Ilias Kantzouris (Greek: Ηλίας Καντζούρης; born August 11, 1973) is a Greek professional basketball coach who is the current head coach of AEK Athens of the Greek Basket League and the Basketball Champions League.

Coaching career

Professional clubs
Kantzouris began his coaching career in 2000, as an assistant coach, with the Greek club Apollon Patras. He then worked as an assistant coach with the Greek clubs Near East, Aris Thessaloniki, and Sporting Athens. Following that, he worked as an assistant coach with the Greek clubs AEK Athens and Panellinios. 

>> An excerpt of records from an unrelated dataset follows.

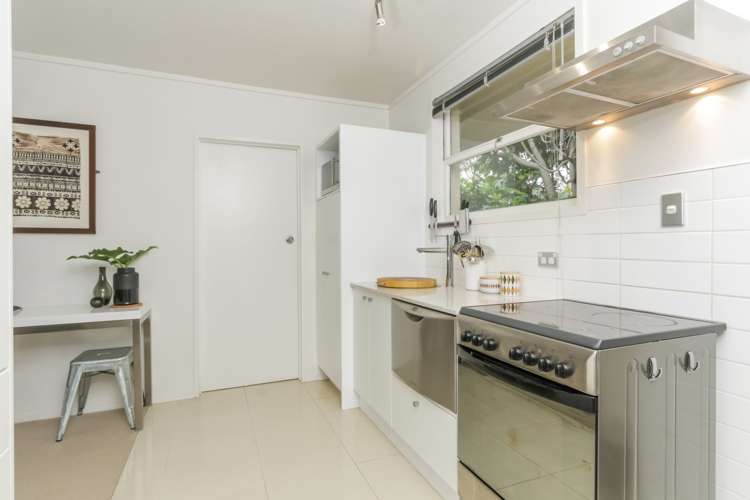 1/69a Landscape Road Mount Eden_10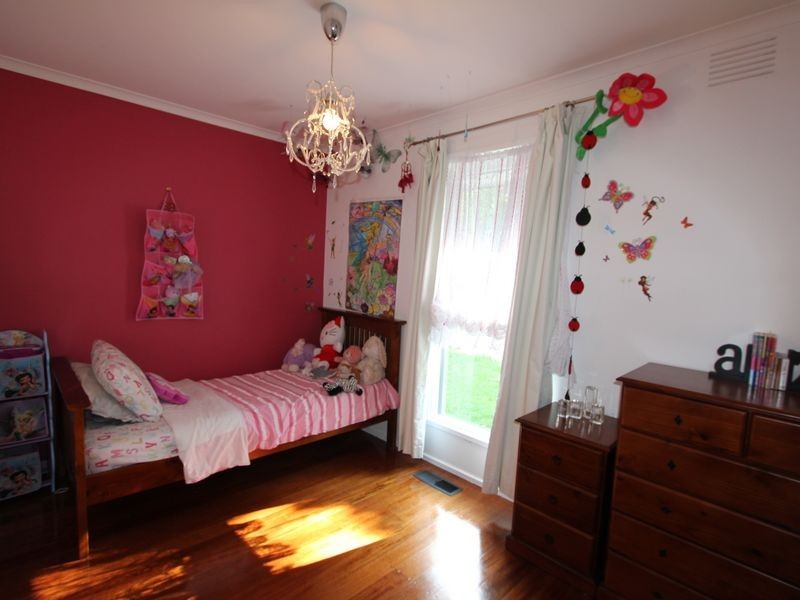 22 Sullivan Drive, Somerville VIC 3912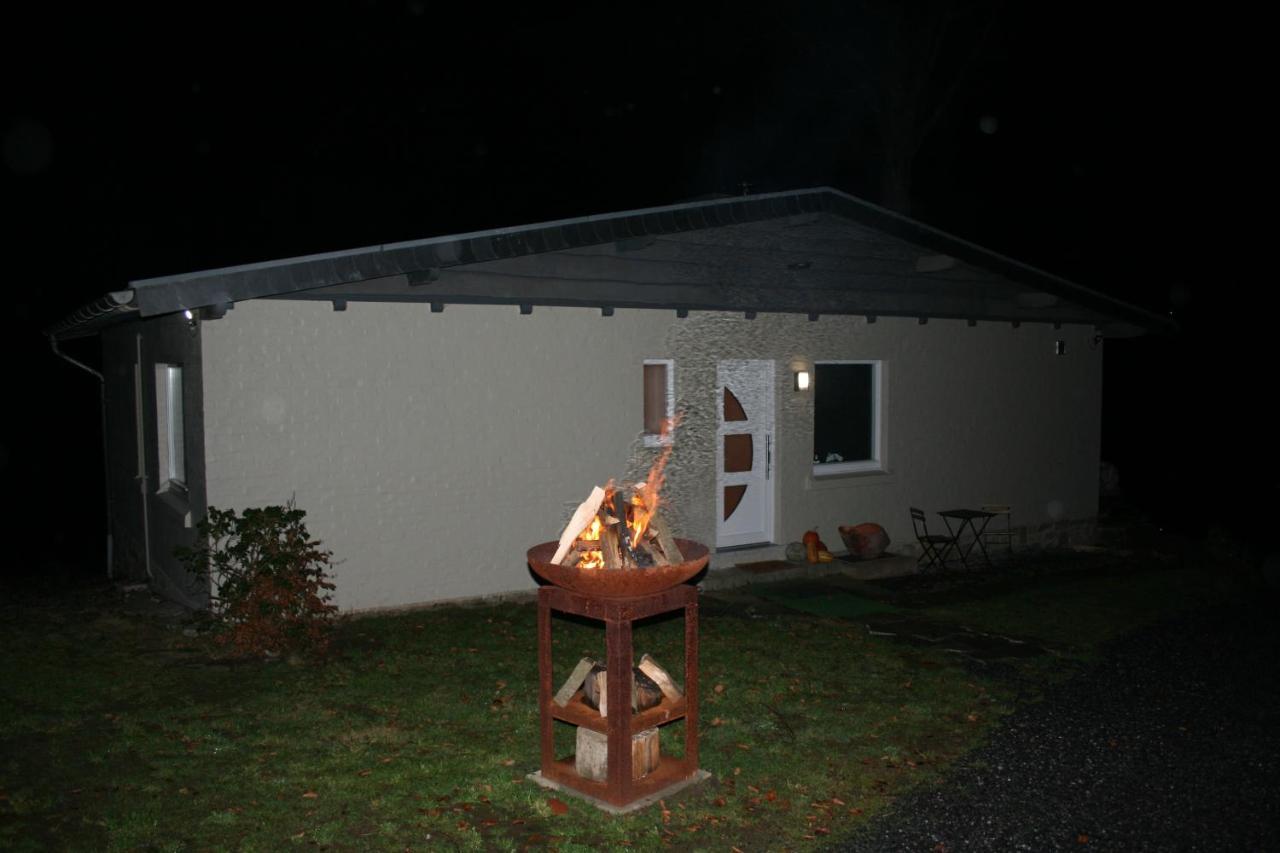 Gîte L'à côté, bungalow plain-pied sans vis-à-vis. Spa Exterior foto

He was an assistant coach with the Lithuanian League club, Žalgiris Kaunas, in the 2011–12 season. He was then an assistant coach with the Russian VTB United League club, UNICS Kazan, in the 2013–14 season. After that, he worked as an assistant for the German League club, Brose Bamberg, from 2014 to 2018.

Kantzouris then became the interim head coach of Brose Bamberg, after head coach Andrea Trinchieri was fired by the team, in February 2018. He worked as Brose's interim head coach, until the club hired Luca Banchi, as its new permanent head coach.

On January 28, 2020, Kantzouris signed with Greek Basket League club Iraklis (his first official head coaching job), replacing Ioannis Kastritis.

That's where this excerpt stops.